Andy sent her a stormy email, which she forwarded to their supervisor and Human Resources. The next day, a chastened Andy responded with the information Annette had requested.
By contrast, Annette's predecessor, Suzanne, stayed put despite Andy's tirades, even when he called her a "f---ing bitch." Convinced she needed Andy's information to complete her report, Suzanne endured meetings in which a red-faced Andy screamed in her face. When Suzanne finally quit, others asked why she had put up with it for so long.
Suzanne answered, "I kept thinking it would get better."
Do bullies target you because you let them?
Don't pass the test you should fail. Bullies eat nice people alive. They test to see if you'll allow bad treatment and, if you do, they escalate their abuse.
Just Say "No": Give Away Your Power
AFTER LEAVING HER last job to get away from a bully, Tova hoped for a fresh start in her new position as an inside sales professional. Her new boss, Buck, told her she'd support the rest of the sales team, and also have her own clients.
"Will they mind that I've never done sales?" Tova asked.

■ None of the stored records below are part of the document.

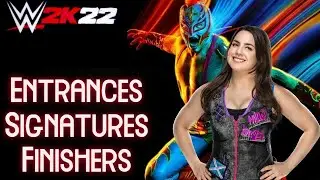 WWE 2K22 Entrances/Signatures/Finishers: Nikki Cross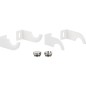 Kit support pour radiateur seche-serviette Ischia, Empoli, Tropea, blanc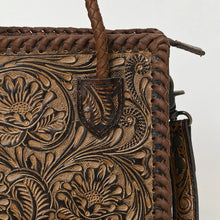 Load image into Gallery viewer, Tenney Hand Tooled Leather Tote Bag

"We're hiring you for your administrative support skills, essential for success in inside sales. Besides, you'll have Arielle, the other woman on the team, to help you get the hang of things."
The problems began her first day. As Tova headed to her desk, Arielle asked, "You like coffee?" "I love it," answered Tova. "Great," said Arielle. "When you grab yours from the cart in the lobby, I want a café latte grande with caramel."

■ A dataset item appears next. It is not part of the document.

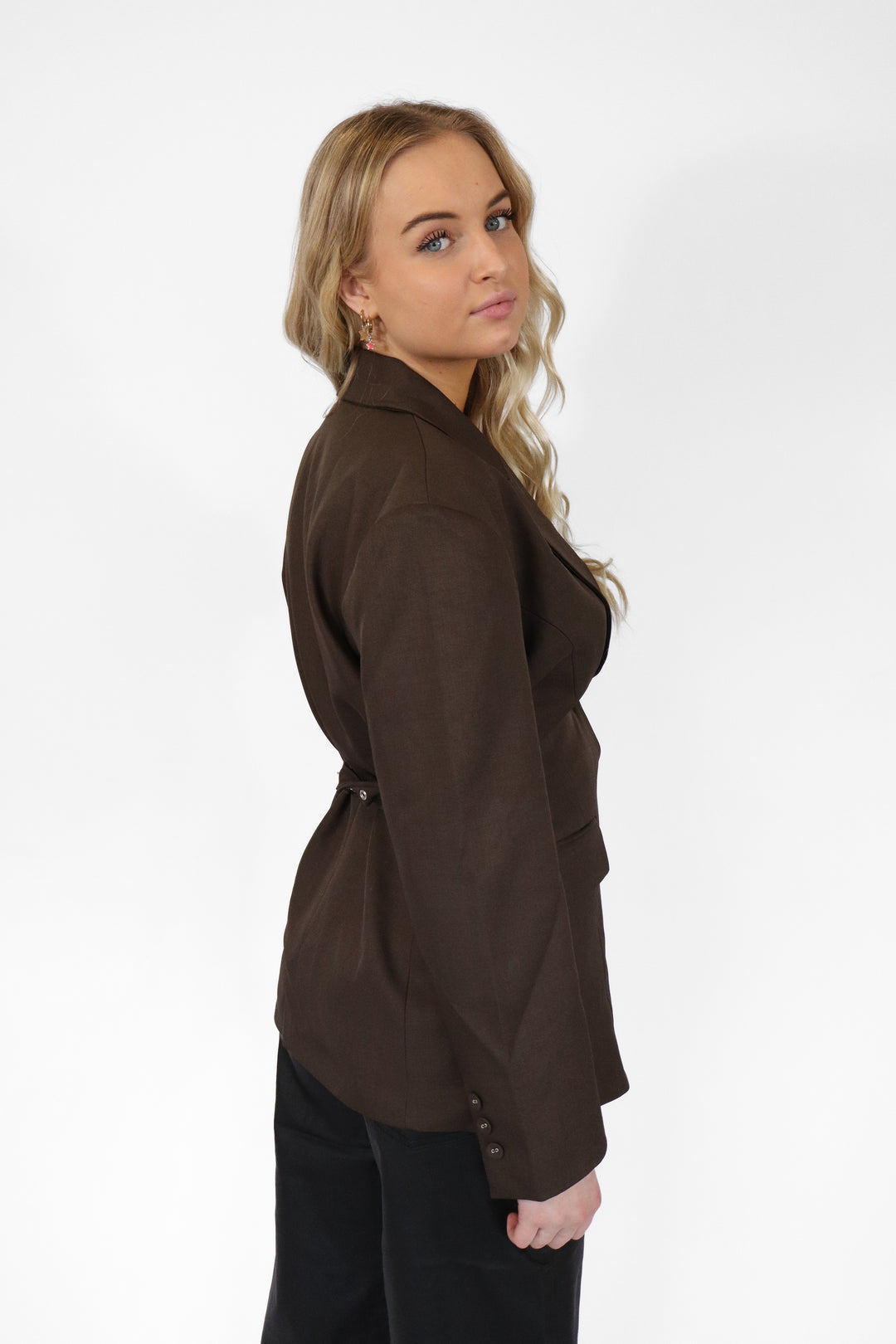 Belted Structured Blazer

Not sure what the customs were on her new team, Tova said "Sure," and headed to the cart. When she handed Arielle her $5 drink, Arielle, who was on the phone, waved her away, mouthing, "Busy."
Tova expected Arielle to reciprocate with coffee the next morning. Arielle didn't. Instead, when Arielle saw Tova heading for the coffee cart, Arielle called out, "My usual." Tova didn't want to make waves, and knew she needed Arielle's guidance to become a success, so she bought Arielle a second latte. And a third.
Tova never received guidance from Arielle. Once, when Tova handed Arielle a draft proposal and asked, "I'd like your thoughts on this," Arielle responded, "Do you know your name is a four-letter word?"
As Tova's jaw dropped, Arielle said, "You asked my thoughts. That's what I thought."
Shocked, Tova said, "That hurts!"
"Oh, poor baby," Arielle goaded, smiling at another employee. "Toughen up."
While others on the sales team weren't the bully Arielle was, they soon learned that if they asked, "Hey, Tova, could you ...," she would say, "Sure." That didn't mean they helped Tova when Arielle belittled her. Instead, the others, like Arielle, gave Tova the grunt work projects they didn't want. Although Tova knew the requests were unreasonable, she did what they asked.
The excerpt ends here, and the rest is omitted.